So, I’m diving into the CMS & Collection List to start producing content for my agency.
Let’s imagine my website is divided in two chunk:
Chunk 1 = Static pages that present the agency + services
Chunk 2 = The blog where we’ll publish articles
For Chunk 1, since the purpose is different, we apply particular styling to our Headings. Let’s say “Heading 1” = 60px and “Heading 2” = 40px.
Now, I’m writing content in the “article’s body” field of a collection item that is going to be published in the blog. As I want to enhance the reading experience on the blog, I would like to apply different stylings to my headings (imagine H1 = 30px and H2=24px).
It looks like, any Headings that I include in the “article"s body” field inherit the styling of the “ALL H1 Headings” or “ALL H2 Headings” class.
Is there a way I can say “all H2 in this Collection needs to apply this styling”?
Yes you can. The styling for your Rich Text content isn’t handled in the CMS however, it’s handled on the Rich Text element that you bind it to.
You’ll give that element a custom class name, and then you can style parts of it- headings, lists, images, links, body text, etc. so that they apply only to those elements in that Rich Text element.
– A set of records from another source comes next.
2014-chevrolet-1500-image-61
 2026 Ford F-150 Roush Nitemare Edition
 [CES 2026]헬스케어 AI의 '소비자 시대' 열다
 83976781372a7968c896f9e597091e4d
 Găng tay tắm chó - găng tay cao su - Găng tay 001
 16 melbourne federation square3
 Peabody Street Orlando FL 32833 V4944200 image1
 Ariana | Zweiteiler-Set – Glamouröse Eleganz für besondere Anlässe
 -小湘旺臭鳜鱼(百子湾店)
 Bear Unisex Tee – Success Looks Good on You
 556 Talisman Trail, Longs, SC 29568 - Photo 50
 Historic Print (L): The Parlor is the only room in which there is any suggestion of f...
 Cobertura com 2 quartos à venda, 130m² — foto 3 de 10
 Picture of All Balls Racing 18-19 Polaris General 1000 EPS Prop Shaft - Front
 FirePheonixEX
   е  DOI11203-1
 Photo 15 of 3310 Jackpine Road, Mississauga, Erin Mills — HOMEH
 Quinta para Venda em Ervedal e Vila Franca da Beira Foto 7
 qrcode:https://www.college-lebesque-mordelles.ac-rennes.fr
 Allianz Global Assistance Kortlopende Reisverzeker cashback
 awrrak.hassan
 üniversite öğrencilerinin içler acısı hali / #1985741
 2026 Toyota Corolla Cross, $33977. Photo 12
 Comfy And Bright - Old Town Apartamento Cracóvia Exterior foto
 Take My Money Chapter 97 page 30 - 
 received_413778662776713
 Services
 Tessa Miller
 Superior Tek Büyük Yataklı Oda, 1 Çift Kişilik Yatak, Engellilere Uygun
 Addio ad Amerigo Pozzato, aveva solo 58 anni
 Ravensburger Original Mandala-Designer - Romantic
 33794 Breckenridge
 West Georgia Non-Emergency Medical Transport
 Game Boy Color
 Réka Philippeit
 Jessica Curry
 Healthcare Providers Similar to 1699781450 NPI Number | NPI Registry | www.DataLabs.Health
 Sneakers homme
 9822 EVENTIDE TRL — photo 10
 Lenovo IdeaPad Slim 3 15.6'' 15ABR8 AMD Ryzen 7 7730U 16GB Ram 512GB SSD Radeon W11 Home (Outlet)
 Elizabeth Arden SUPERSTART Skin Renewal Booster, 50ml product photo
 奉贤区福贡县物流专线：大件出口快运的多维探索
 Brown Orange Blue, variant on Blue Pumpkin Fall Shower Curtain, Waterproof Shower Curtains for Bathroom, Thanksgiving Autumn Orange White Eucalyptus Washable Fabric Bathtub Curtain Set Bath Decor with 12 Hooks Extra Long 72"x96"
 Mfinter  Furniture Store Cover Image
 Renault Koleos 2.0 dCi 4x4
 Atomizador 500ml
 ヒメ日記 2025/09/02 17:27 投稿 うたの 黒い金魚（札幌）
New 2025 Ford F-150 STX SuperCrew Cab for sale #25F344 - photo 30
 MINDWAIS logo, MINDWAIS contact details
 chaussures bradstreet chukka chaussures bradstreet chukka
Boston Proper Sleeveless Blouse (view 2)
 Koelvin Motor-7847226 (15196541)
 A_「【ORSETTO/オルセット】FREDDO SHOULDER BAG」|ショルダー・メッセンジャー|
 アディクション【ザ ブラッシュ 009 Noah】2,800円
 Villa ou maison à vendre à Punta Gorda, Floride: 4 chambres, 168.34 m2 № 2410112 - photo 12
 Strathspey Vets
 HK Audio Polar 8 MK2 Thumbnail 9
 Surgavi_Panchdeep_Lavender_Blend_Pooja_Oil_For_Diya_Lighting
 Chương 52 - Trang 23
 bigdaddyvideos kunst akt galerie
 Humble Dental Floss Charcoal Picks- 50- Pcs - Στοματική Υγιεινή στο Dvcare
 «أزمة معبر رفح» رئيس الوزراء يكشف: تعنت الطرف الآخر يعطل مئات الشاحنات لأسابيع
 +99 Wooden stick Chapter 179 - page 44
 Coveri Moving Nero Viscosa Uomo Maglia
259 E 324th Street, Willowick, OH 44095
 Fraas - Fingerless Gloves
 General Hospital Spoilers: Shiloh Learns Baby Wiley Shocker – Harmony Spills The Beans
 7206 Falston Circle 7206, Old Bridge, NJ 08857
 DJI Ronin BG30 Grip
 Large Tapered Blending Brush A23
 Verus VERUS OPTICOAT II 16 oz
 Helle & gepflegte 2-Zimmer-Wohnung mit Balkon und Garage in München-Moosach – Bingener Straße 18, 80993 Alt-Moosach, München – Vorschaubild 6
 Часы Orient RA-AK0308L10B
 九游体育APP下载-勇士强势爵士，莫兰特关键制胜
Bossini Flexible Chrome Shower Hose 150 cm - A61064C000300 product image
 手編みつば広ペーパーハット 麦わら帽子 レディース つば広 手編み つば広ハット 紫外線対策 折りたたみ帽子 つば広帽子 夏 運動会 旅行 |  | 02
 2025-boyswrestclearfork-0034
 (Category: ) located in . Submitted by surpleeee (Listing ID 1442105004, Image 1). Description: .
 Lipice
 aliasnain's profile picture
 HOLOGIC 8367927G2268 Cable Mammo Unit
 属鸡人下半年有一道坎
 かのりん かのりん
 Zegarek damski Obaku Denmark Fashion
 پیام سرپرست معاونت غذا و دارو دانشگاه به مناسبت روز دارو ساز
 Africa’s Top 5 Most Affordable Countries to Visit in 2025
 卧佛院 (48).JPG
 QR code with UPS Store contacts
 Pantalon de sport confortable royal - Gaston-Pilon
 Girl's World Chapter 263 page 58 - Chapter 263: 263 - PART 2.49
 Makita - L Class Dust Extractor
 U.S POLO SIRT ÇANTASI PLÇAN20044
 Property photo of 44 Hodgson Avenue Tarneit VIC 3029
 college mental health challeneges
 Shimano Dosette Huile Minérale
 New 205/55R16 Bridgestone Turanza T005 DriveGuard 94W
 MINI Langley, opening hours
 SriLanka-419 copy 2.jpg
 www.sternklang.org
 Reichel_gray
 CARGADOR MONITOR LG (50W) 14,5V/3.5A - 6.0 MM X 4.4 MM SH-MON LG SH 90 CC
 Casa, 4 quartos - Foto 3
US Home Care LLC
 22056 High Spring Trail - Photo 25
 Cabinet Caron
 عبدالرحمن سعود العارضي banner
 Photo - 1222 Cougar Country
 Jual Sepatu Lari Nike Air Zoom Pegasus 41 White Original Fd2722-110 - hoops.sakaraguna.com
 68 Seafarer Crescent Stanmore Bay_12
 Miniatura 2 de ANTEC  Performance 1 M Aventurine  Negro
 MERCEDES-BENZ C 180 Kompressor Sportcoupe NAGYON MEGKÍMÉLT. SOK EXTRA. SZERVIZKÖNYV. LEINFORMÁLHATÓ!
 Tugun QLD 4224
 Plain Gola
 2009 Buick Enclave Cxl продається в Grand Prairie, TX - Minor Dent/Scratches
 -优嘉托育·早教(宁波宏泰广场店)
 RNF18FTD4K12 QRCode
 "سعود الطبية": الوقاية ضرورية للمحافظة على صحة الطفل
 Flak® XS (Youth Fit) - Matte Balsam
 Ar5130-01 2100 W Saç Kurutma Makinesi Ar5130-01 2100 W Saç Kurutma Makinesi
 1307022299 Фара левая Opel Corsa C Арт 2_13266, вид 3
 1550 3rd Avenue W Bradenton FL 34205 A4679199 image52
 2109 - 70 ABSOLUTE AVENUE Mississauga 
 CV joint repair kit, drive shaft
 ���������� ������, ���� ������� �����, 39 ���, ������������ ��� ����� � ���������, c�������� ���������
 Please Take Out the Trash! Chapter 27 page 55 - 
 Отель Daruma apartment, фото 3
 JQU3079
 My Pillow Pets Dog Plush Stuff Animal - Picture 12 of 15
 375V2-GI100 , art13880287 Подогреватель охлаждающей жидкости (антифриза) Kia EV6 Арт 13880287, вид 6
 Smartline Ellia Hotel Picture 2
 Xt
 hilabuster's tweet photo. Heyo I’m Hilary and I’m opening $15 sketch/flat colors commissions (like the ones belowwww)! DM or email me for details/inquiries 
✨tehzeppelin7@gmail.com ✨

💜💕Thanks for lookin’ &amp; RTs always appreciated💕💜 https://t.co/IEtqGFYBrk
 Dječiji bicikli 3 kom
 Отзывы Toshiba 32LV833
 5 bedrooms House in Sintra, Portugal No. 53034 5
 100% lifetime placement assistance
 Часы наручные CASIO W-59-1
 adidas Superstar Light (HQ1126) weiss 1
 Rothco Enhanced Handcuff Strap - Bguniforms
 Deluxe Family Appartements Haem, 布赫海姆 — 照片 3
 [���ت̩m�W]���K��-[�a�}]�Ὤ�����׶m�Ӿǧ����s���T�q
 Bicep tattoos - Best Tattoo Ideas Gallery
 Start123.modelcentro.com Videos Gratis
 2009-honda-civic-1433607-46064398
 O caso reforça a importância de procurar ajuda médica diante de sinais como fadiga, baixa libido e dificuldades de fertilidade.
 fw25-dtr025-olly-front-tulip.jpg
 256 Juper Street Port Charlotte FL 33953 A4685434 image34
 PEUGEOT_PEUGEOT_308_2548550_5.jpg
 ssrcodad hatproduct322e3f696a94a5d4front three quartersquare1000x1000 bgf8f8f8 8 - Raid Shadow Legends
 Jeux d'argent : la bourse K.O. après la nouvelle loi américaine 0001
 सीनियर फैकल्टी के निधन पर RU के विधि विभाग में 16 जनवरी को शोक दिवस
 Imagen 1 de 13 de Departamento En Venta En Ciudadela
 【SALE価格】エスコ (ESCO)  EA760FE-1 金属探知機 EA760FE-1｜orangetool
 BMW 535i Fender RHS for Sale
In this way, you make your blog body H1’s look entirely different from the H1’s on the rest of your site.
A few things that are not immediately obvious…
When you’re working with a Rich Text element, there is a viewing mode, and an editing mode. If you single-click it, you’ll select the part you’re over, e.g. an H1, and then you can style it. If you double-click it, you’ll be editing your content, and in edit mode you cannot control the styling. Just click outside the element to exit both modes. Play with it, you’ll see the difference quickly.
Your Rich Text element must have a class assigned to it for you to style parts ( like H1’s ) within it.
When you are styling a Rich Text element’s parts, you can either style that part site-wide, or within your custom-classed Rich Text element specifically. You’ll see that option at the top of the styling panel when you have an element part selected.
As far as I know, you cannot do part-styling on a Rich Text element that is bound to the CMS. You’ll either need to unbind it- or- I prefer to create a separate, draft-mode “Styling” page, which has an example Rich Text element with my custom class, and contains the content of a sample blog entry. Since that element isn’t bound to the CMS, I can style parts freely, and I can create all of the parts ( images, list elements, etc ) that I want to use.
You’ll want to read up on the Webflow university’s guides to working with rich text elements to familiarize yourself with all of the styling capabilities.